The U.K. is playing a "should we stay or should we go" game with the European Union. And as of Sunday, London Mayor Boris Johnson officially said, "We should go."
Johnson, who has kept mum about the issue for months, addressed a crowd of reporters Sunday outside his home, where he called for the country to cut ties with the EU.
"The last thing I wanted was to go against David Cameron or the government, but after a great deal of heartache, I don't think there’s anything else I can do. I will be advocating 'Vote Leave,'" Johnson told reporters.
Johnson's announcement comes just two days after U.K. Prime Minister David Cameron secured a deal with EU leaders to temporarily keep the U.K. as a member state and just hours after Cameron appeared on a talk show and asked the mayor for his support.
"I would say to Boris what I say to everybody else: We will be safer, stronger, we will be better off inside the EU," David Cameron told BBC's Andrew Marr.

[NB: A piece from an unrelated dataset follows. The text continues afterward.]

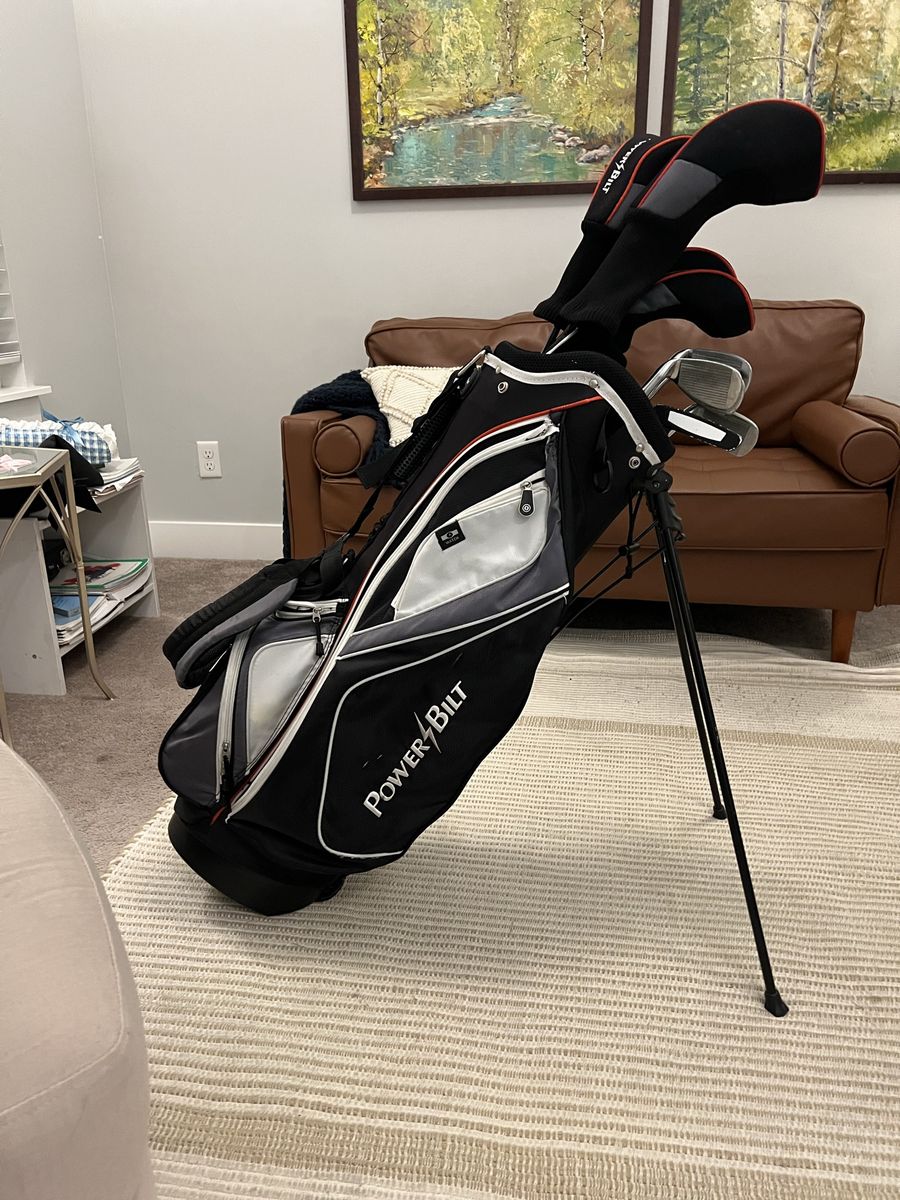 PowerBilt Golf Club Set with Stand Bag, Drivers, Hybrids, Irons, and Putter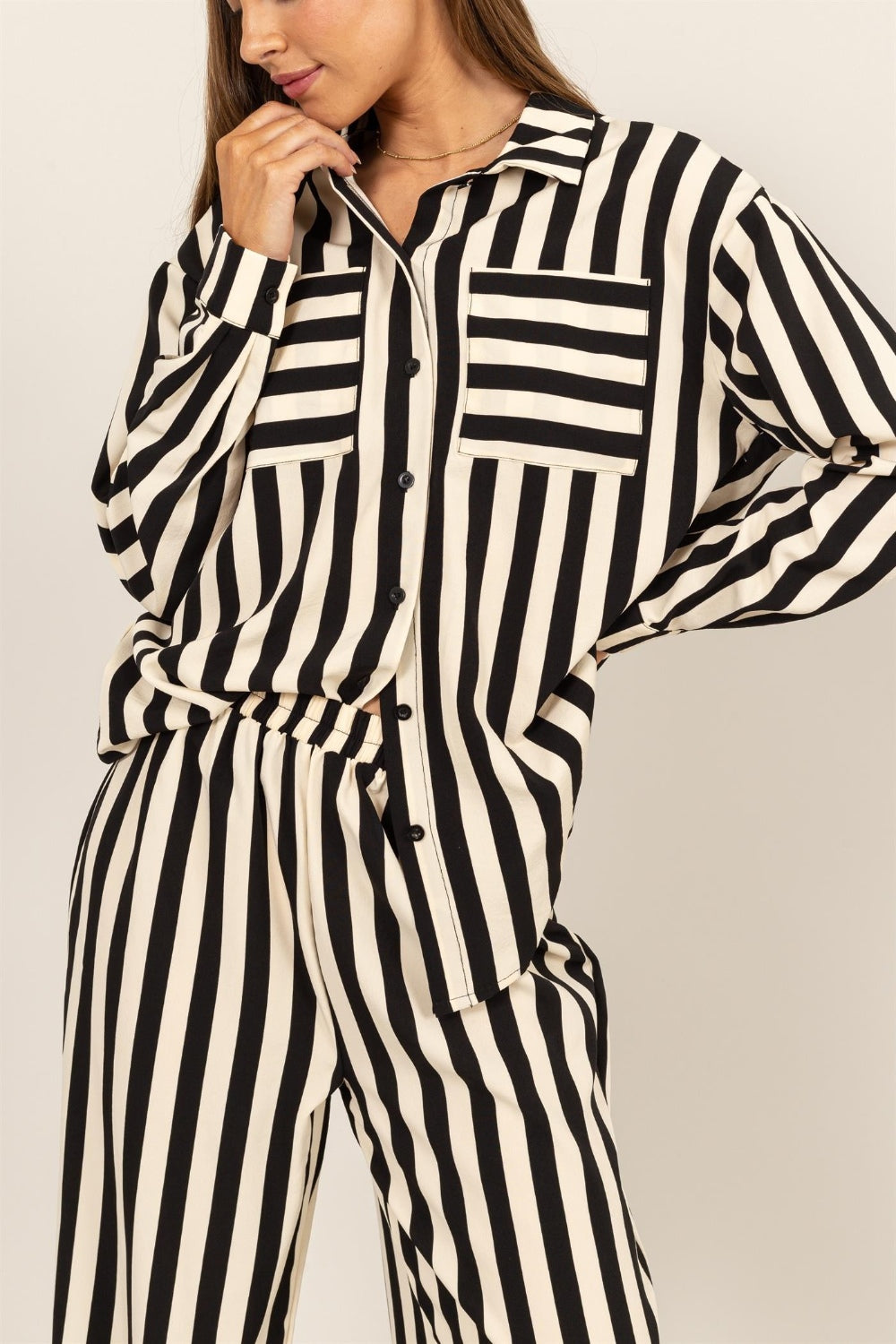 Kyleigh Striped Button Up Shirt and Pants Set - ThingsWeUseAndLove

Clearly Johnson disagrees. He said the EU is in "danger of getting out of proper democratic control," claiming there's "too much judicial activism" and "too much legislation coming from the EU."
So why is his opinion important? A lot of people like him. According to a recent poll, 32 percent of voters will look to the mayor's opinion when casting their decision on whether to stay or go.
Some are speculating his decision to back a so-called "Brexit" is motivated by a desire to climb the political ladder. Johnson is a likely candidate to take over the country's top job when Cameron leaves office. If voters demand the U.K. leaves the EU, The Washington Post reports that top job could become available a lot sooner than expected.
The referendum is scheduled for June 23.